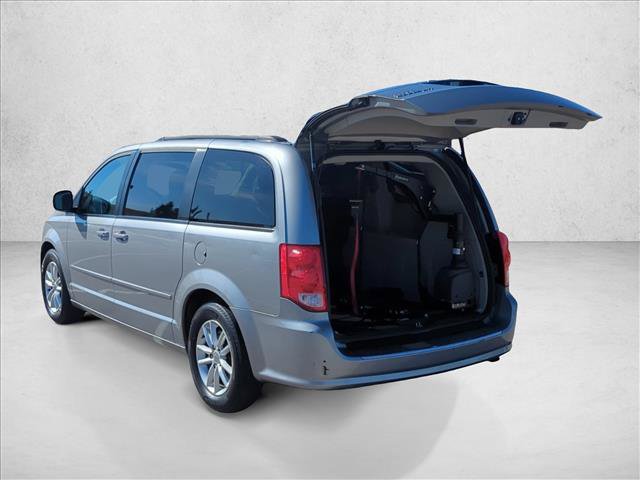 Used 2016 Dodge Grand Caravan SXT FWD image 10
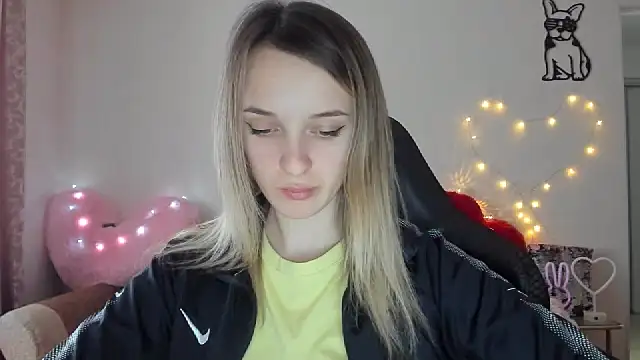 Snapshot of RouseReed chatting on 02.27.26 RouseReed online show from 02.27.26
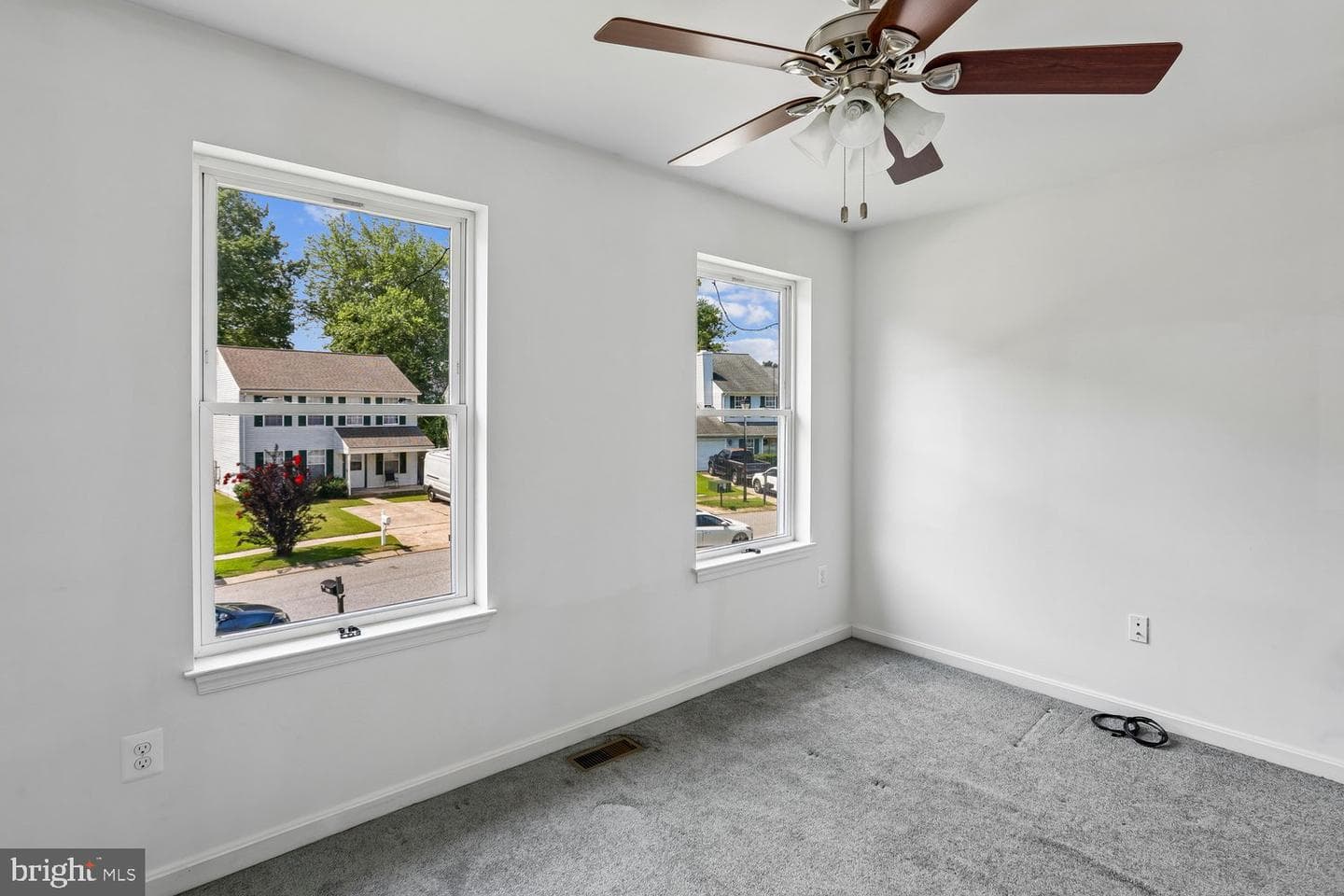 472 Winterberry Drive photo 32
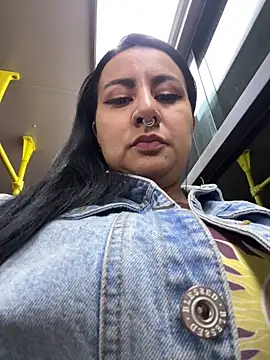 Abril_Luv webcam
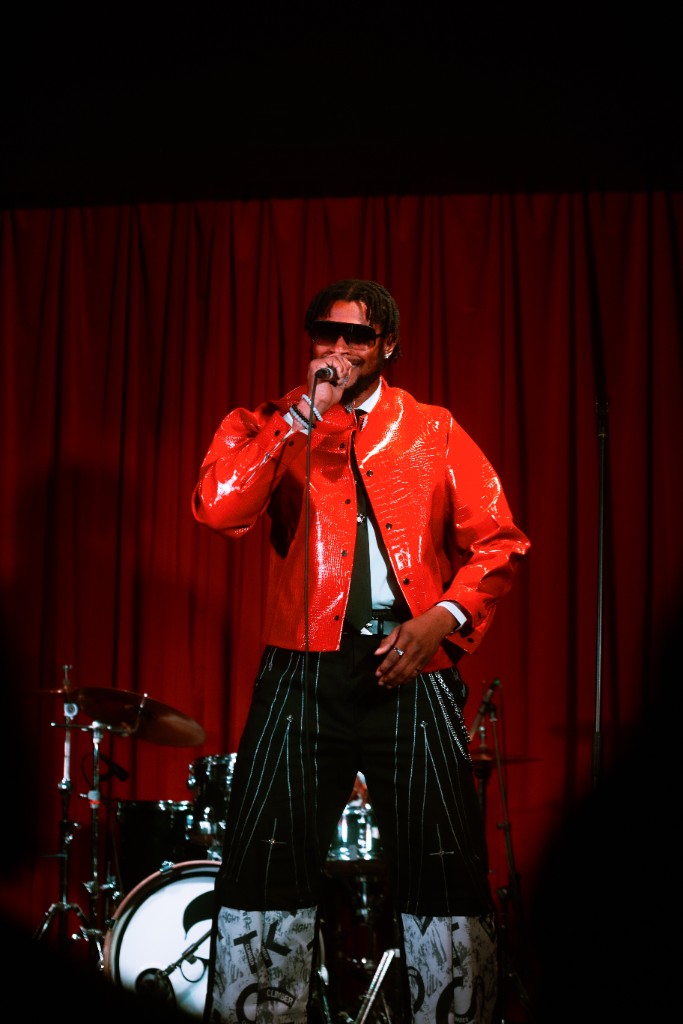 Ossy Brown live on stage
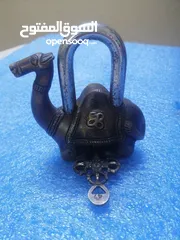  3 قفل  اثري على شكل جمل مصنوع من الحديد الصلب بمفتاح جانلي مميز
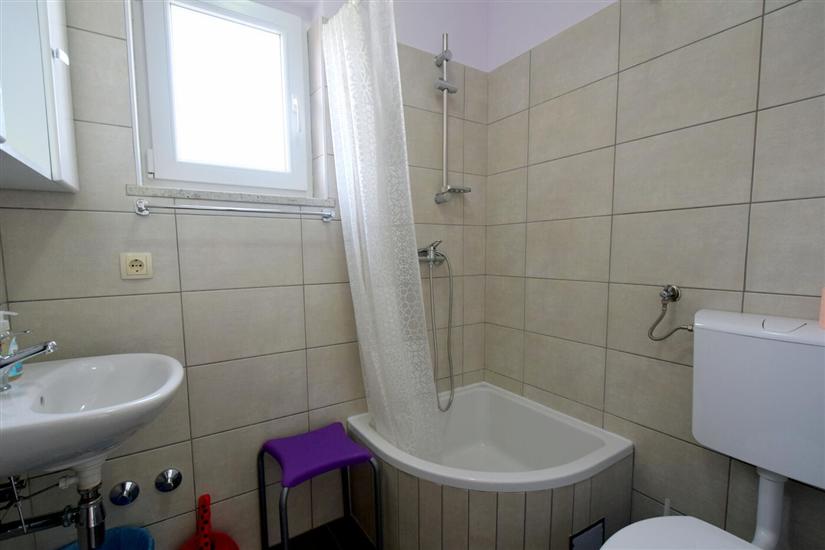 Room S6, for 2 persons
____________________
- _EXERCISE REQUIREMENTS_
Write out again, exactly, each line from the one containing "بمفتاح جانلي مميز" through the last line of the entries, and omit every picture.

- _WRITTEN ANSWER_
  3 قفل  اثري على شكل جمل مصنوع من الحديد الصلب بمفتاح جانلي مميز
 Room S6, for 2 persons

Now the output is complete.